In this thesis, we want to research if and how this unbiased scene generation scheme would affect downstream multimodal tasks (e.g. Visual Dialog and VQA) in terms of feature expressivity and overall performance. To this end, we generate new unbiased scenes for both tasks and train existing models (i.e. CAG [8] for Visual Dialog and ReGAT [9] for VQA) with this data and compare the performance with that obtained from biased scene graphs.}

Supervisor: Adnen Abdessaied
Distribution: 15% Literature, 70% Implementation, 15% Analysis
Requirements: Strong programming skills in Python PyTorch, strong knowledge in Deep Learning in general and GNNs in particular, previous experience in CV and NLP
Literature:
[1] Wu, Zonghan, et al. 2020. A comprehensive survey on graph neural networks. IEEE Transactions on Neural Networks and Learning Systems (TNNLS).
[2] Abhishek Das, Satwik Kottur, Khushi Gupta, Avi Singh, Deshraj Yadav, Jose M. F. Moura, Devi Parikh, Dhruv Batra. 2017. Visual Dialog. Proceedings of the 2017 IEEE Conference on Computer Vision and Pattern Recognition (CVPR).

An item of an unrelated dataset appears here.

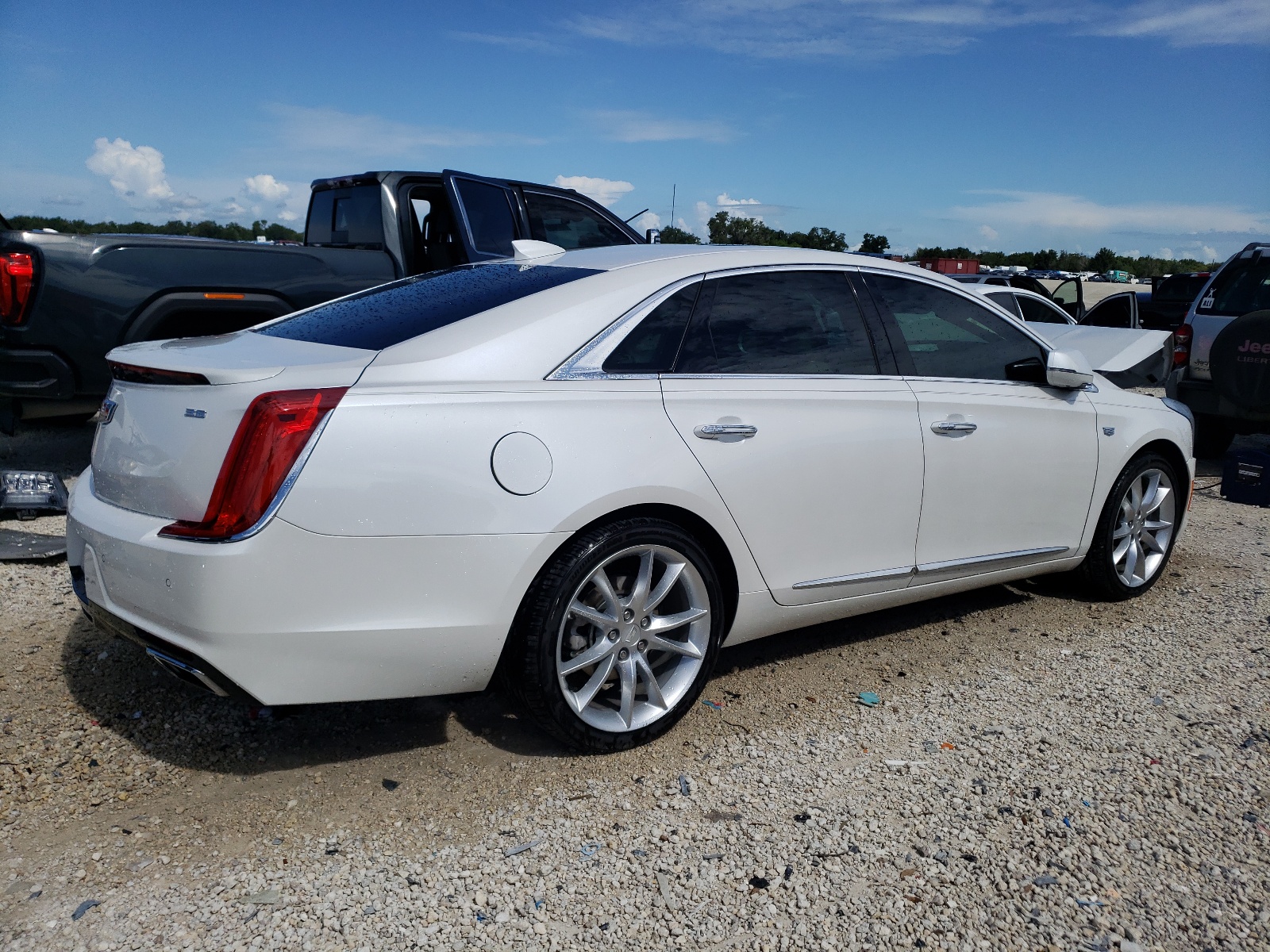 2019 Cadillac Xts Premium Luxury vin: 2G61P5S32K9158291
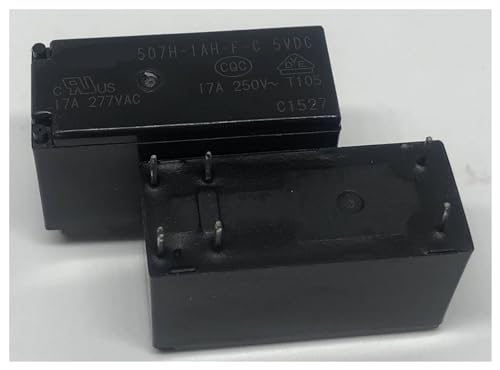 Relé 507H-1AH-F-C 5VDC evita sobrecargas en circuitos integrados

[3] Antol, Stanislaw, et al. 2015. VQA: Visual Question Answering. Proceedings of the IEEE International Conference on Computer Vision (ICCV).
[4] Zhang, Hanwang, et al. 2017. Visual translation embedding network for visual relation detection. Proceedings of the 2017 IEEE Conference on Computer Vision and Pattern Recognition (CVPR).
[5] Zellers, Rowan, et al. 2018. Neural motifs: Scene graph parsing with global context. Proceedings of the 2018 IEEE Conference on Computer Vision and Pattern Recognition (CVPR).
[6] Tang, Kaihua, et al. 2019. Learning to compose dynamic tree structures for visual contexts. Proceedings of the 2019 IEEE Conference on Computer Vision and Pattern Recognition (CVPR).
[7] Tang, Kaihua, et al. 2020. Unbiased scene graph generation from biased training. Proceedings of the 2020 IEEE Conference on Computer Vision and Pattern Recognition (CVPR).
[8] Guo, Dan, et al. 2020. Iterative context-aware graph inference for visual dialog. Proceedings of the 2020 IEEE Conference on Computer Vision and Pattern Recognition (CVPR).
[9] Li, Linjie, et al. 2019. Relation-aware graph attention network for visual question answering. Proceedings of the IEEE International Conference on Computer Vision (ICCV).